Hudson Yards NYC: Luxury Living 2.0 with Integrated Info Tech


It is the “largest private real estate development in the history of the United States,” and a hot bed of applied 21st century information tech. We spoke with Gerhard Karba, Chief Technology Officer for New York’s Hudson Yards project, about the advanced information technology that is going into the project.

“All About Connectivity & Awareness”

“It’s all about connectivity,” Karba, who is also the co-Founder and CEO of ix-Strata, a sophisticated software engineering and development firm, told us. “There will be an incredible amount of fiber, distributed antenna systems, WiFi,” Karba added.

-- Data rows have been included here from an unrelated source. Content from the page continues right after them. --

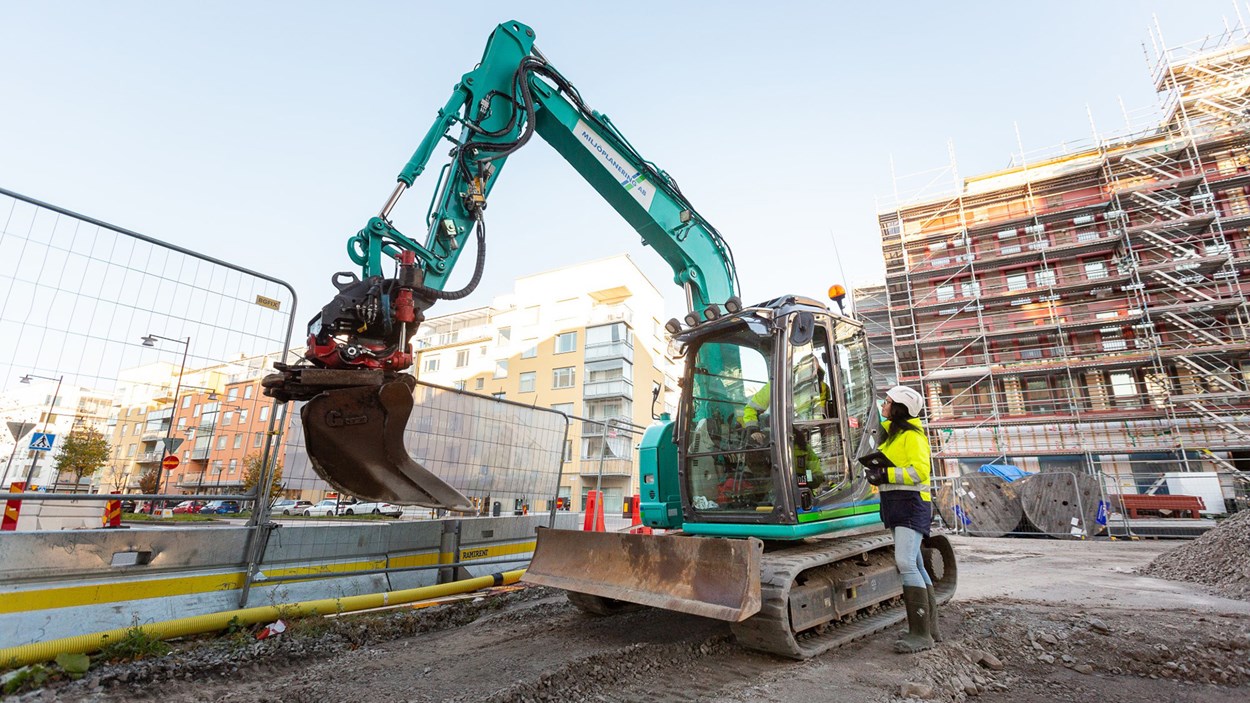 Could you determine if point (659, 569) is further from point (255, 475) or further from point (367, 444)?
point (255, 475)

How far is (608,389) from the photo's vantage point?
3250 centimetres

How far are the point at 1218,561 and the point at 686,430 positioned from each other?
7.06 metres

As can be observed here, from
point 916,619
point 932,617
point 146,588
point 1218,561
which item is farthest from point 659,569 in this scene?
point 1218,561

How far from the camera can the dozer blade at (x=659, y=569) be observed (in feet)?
10.9

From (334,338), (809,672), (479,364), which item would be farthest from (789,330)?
(479,364)

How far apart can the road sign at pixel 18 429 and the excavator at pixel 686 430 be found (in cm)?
162

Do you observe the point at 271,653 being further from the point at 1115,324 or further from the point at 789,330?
the point at 1115,324

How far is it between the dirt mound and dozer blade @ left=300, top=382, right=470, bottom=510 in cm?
800

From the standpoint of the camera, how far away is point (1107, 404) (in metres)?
23.1

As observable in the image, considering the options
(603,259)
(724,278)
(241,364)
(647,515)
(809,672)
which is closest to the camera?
(809,672)

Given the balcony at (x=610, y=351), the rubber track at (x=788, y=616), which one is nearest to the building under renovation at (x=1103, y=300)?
the balcony at (x=610, y=351)

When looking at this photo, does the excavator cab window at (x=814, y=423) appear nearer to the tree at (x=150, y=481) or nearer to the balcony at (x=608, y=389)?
the tree at (x=150, y=481)

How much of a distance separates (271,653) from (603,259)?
108 feet

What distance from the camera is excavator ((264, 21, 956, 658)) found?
360cm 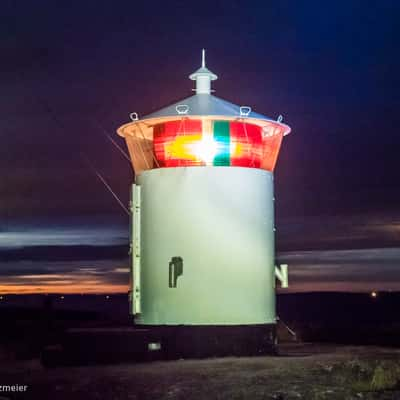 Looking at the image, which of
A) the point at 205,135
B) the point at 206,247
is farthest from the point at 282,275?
the point at 205,135

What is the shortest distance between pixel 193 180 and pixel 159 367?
168 inches

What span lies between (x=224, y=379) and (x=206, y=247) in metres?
4.53

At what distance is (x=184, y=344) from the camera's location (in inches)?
752

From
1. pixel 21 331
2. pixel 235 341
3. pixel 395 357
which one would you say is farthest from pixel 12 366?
pixel 21 331

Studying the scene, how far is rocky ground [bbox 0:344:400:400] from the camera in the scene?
13602 millimetres

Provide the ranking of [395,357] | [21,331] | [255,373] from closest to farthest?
[255,373] → [395,357] → [21,331]

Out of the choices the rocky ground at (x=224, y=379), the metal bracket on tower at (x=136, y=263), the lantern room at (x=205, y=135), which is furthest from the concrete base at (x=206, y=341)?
the lantern room at (x=205, y=135)

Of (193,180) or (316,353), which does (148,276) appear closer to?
(193,180)

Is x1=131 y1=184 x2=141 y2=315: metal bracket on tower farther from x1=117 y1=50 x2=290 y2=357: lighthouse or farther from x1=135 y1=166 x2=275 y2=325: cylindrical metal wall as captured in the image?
x1=135 y1=166 x2=275 y2=325: cylindrical metal wall

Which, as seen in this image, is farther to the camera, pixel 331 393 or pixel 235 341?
pixel 235 341

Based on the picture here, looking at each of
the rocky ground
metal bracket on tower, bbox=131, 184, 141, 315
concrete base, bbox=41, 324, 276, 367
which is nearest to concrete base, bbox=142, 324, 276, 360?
concrete base, bbox=41, 324, 276, 367

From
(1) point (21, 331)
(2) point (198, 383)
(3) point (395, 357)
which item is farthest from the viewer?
(1) point (21, 331)

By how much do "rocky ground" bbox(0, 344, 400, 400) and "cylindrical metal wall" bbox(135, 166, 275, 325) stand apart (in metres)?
1.26

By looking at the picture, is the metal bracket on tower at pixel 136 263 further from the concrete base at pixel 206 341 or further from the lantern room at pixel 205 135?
the lantern room at pixel 205 135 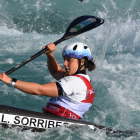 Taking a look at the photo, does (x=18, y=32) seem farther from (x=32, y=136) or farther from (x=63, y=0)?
(x=32, y=136)

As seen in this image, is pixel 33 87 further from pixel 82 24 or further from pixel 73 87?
pixel 82 24

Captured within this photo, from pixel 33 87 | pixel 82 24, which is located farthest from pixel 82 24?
pixel 33 87

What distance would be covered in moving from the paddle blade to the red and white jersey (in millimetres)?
1412

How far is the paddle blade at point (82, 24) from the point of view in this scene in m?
4.37

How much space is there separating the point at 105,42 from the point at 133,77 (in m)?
2.55

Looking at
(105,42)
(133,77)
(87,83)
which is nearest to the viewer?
(87,83)

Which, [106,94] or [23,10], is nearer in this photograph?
[106,94]

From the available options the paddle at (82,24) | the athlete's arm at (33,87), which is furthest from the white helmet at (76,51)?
the paddle at (82,24)

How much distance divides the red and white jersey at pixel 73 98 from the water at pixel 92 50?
0.23m

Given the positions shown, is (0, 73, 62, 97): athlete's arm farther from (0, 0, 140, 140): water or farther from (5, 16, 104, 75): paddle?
(5, 16, 104, 75): paddle

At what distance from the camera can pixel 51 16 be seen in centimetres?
1112

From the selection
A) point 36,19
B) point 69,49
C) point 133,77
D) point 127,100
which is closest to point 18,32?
point 36,19

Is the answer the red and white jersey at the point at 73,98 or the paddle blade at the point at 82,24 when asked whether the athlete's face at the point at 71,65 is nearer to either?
the red and white jersey at the point at 73,98

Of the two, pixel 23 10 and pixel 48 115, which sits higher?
pixel 23 10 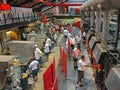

Further, the systems will draw on myriad sensors and AI to achieve awareness of each individual’s presence, to enhance convenience and provide security. “They will be aware of your profile, your needs and preferences,” Karba stated. As an example, tenants would be allowed to pass through a turnstile without having to pull out a card, the elevator would be ready for him and her and know their floor. They could even arrange to have automatic entry to their apartment.

The systems will also be equipped to understand the environment – temperature, noise levels, air quality, weather. The objective is both to optimize energy consumption and enhance the living experience and the productivity of everyone associated with the area.

“A lot of the enhancements will be developed by the market,” Karba explains. “We provide the connectivity, the awareness. We will have an enterprise services bus that will broker the hundreds of systems in the project and will provide security and analytics.”

Hudson Yards – Getting It Done

How big is this “biggest ever” project and when will it be done? The Yards cover 28 acres between 30th and 34th Streets and 10th and 12 Avenues, basically overlooking the Hudson River on the west. There will ultimately be 4,000-6,000 residents, 14 acres of park space, and dozens of commercial and eating places, as well as a school and other facilities.

Karba explained that it is being constructed in two phases; the first being the eastern yards – between 10th and 11th Avenues. This alone is about a $12 billion project, funded by major global banks. Its construction began in 2014 and should be completed in 2019. It will have one major residential high rise and one mixed occupancy high rise. As of earlier this year, one of the buildings, 10 Hudson Yards, is open for commercial occupancy.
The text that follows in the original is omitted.